Employing the greatest theme contributed by Germany to world literature, Mann constructs a retelling of the Middle Ages story of Faust. This “montage” technique allows Mann to present Adrian Leverkühn as a new Faust who receives the opportunity to secure his artistic desires by sealing a pact with the devil. However, Leverkühn is more than an embodiment of Goethe’s Faust: He is also a representation of Nietzsche, whose stages in life Leverkühn mirrors; he is Luther and Beethoven and Schönberg and other musicians. In essence, the life of Leverkühn embodies the entirety of German cultural development.

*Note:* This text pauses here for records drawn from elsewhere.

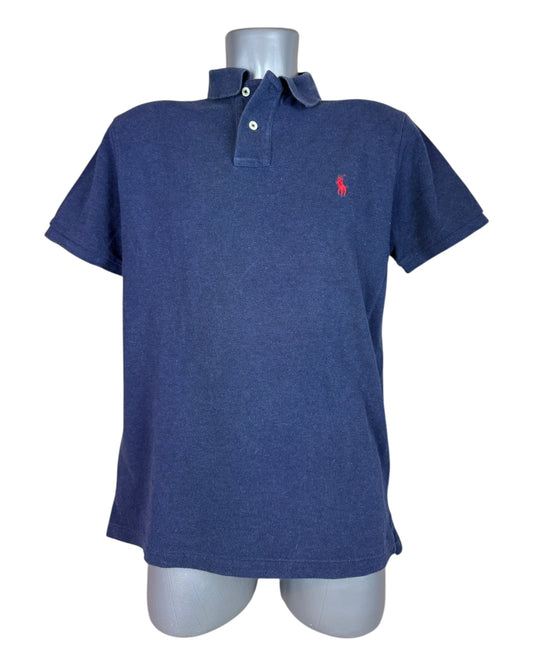 Polo Ralph Lauren Poloshirt marineblau meliert Größe L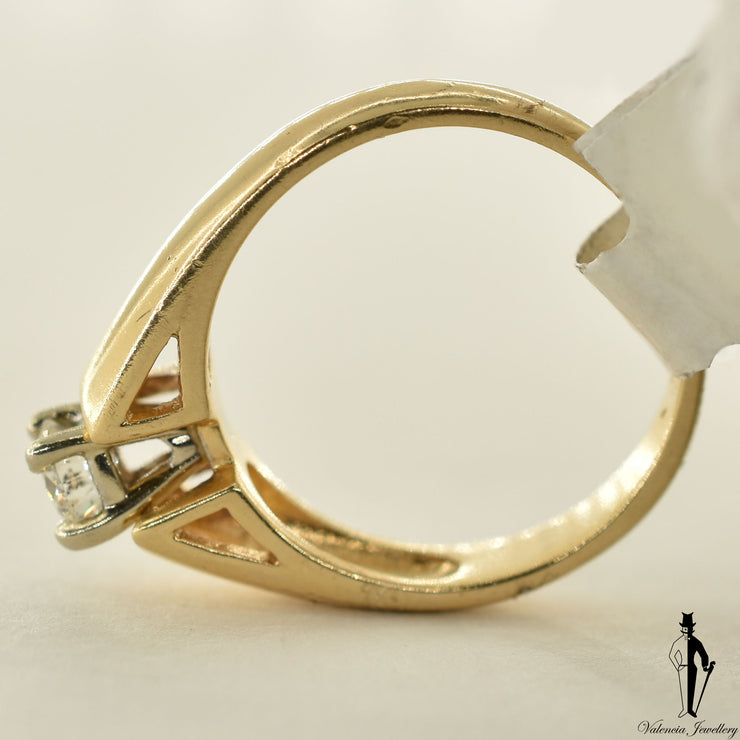 14K Yellow Gold I1 Diamond (0.37 CT.) Solitaire Engagement Ring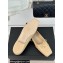 Chanel Vintage CC Logo and Bow Ballet Flats Leather Beige 2024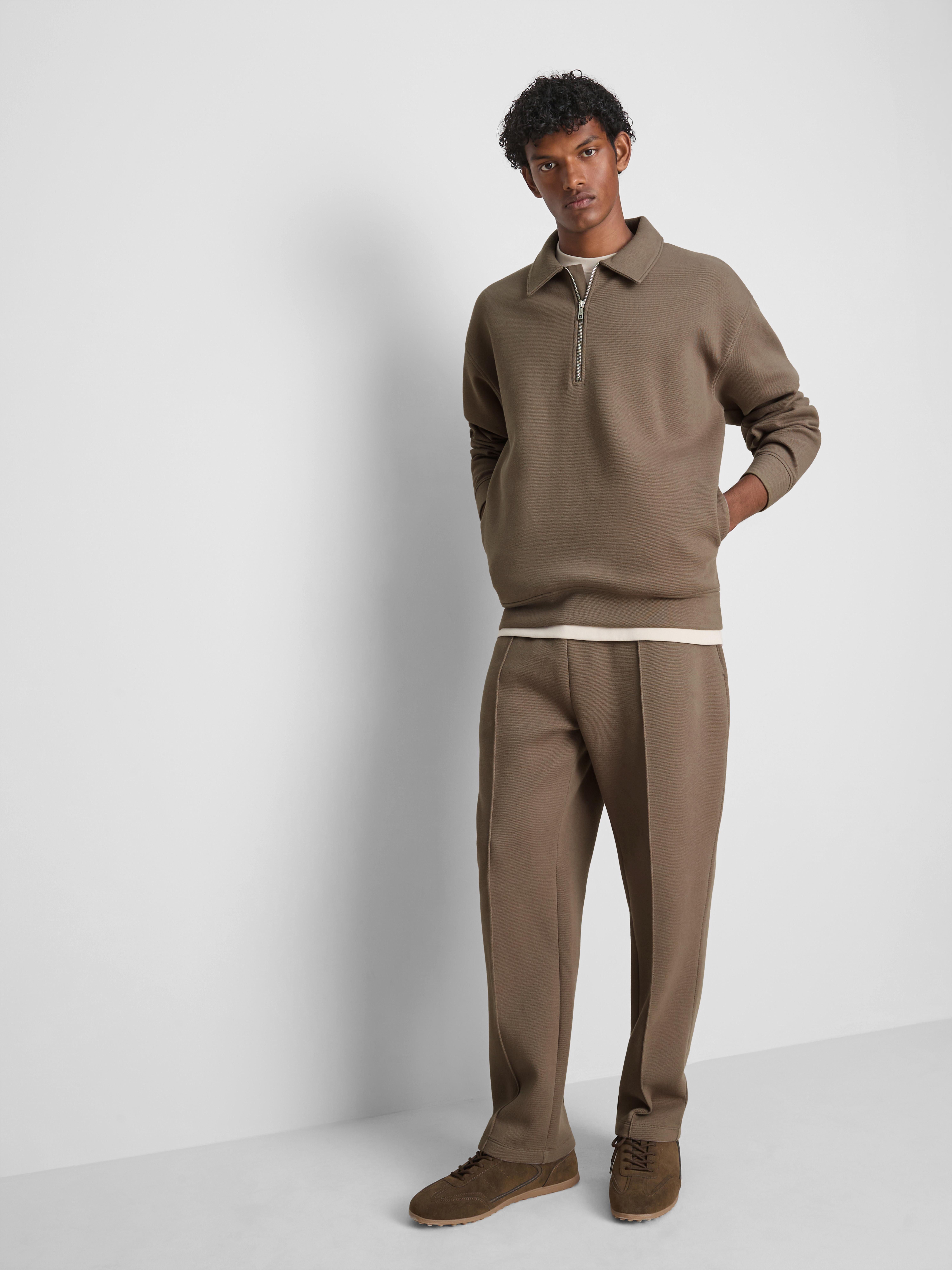 The Edit Quarter Zip Sweatshirt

Mann decides for the first time to change his narrative perspective and write the novel using a first-person narrator. Serenus Zeitblom, Ph.D., is a professor of literature and friend to main character Adrian Leverkühn. Representing the educated German, Zeitblom holds a clear intellectual perspective of the historical and political events that led Germany into the approaching catastrophes of National Socialism and another world war, but he raises no voice and takes no action against these developments; this is a point Mann makes against German intellectuals in his writings throughout the painful period of European fascism. Through Zeitblom, the reader encounters Adrian Leverkühn, a man who believes he was born too late, losing the possibility of creating true works of original art, a man driven to produce art (music) that has never existed before. Mann uses Leverkühn as the prototype of the German character unafraid of unleashing self-destructive forces to attain his goal, determined to go his own way without regard for the damage that may befall him or others from the choices he makes.

This choice of point of view, however, makes reading Doktor Faustus much more challenging. Zeitblom becomes to the reader an intimate, a confidant of sorts on whom the reader must rely in order to have Leverkühn’s story fully revealed. Zeitblom is not a character with such charisma as to transfix the reader with pleasure. Instead, at times the reader finds Zeitblom to be the object of empathy, while at other times he draws only a mild or lukewarm reception and occasionally strikes the reader with a cold emptiness. His passionate histories of Ines and Clarissa Rodde build reader trust, while his too frequent references to his “Erschütterung” (shock or agitation) over Leverkühn’s “humanly” behavior builds reader suspicion. Overshadowing all, the reader learns that Leverkühn is not the Leverkühn depicted by an omniscient narrator, but a different character, one that Mann seems to have generated, in part, to establish his structure of ambiguities.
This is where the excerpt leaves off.